- WORK REQUEST -
Repeat the records below word for word, but start at the line that contains "レア　バックスバニー　フィギュア 飛行機 赤　ルーニーチューンズ", stop after the last line, and include nothing else.

################

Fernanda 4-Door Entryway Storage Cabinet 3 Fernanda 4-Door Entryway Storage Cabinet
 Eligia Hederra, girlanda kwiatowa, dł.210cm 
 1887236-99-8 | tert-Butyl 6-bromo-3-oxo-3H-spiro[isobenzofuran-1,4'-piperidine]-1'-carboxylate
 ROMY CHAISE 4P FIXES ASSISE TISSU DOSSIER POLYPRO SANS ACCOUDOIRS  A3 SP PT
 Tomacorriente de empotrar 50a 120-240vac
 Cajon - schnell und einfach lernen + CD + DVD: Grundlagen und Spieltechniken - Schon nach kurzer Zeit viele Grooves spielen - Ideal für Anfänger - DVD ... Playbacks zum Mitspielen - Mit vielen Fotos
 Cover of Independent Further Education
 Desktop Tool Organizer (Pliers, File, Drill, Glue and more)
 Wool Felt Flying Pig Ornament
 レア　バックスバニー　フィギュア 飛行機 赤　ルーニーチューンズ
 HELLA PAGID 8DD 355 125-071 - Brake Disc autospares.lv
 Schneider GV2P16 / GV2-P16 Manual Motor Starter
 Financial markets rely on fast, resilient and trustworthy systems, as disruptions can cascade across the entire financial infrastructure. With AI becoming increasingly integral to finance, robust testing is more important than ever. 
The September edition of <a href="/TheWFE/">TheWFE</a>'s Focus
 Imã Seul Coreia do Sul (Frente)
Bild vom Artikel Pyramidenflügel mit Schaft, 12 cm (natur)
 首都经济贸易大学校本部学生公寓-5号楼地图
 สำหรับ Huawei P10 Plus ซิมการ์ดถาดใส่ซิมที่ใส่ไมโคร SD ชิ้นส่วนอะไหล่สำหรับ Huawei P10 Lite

################

- RESPONSE BOX -
 レア　バックスバニー　フィギュア 飛行機 赤　ルーニーチューンズ
 HELLA PAGID 8DD 355 125-071 - Brake Disc autospares.lv
 Schneider GV2P16 / GV2-P16 Manual Motor Starter
 Financial markets rely on fast, resilient and trustworthy systems, as disruptions can cascade across the entire financial infrastructure. With AI becoming increasingly integral to finance, robust testing is more important than ever. 
The September edition of <a href="/TheWFE/">TheWFE</a>'s Focus
 Imã Seul Coreia do Sul (Frente)
Bild vom Artikel Pyramidenflügel mit Schaft, 12 cm (natur)
 首都经济贸易大学校本部学生公寓-5号楼地图
 สำหรับ Huawei P10 Plus ซิมการ์ดถาดใส่ซิมที่ใส่ไมโคร SD ชิ้นส่วนอะไหล่สำหรับ Huawei P10 Lite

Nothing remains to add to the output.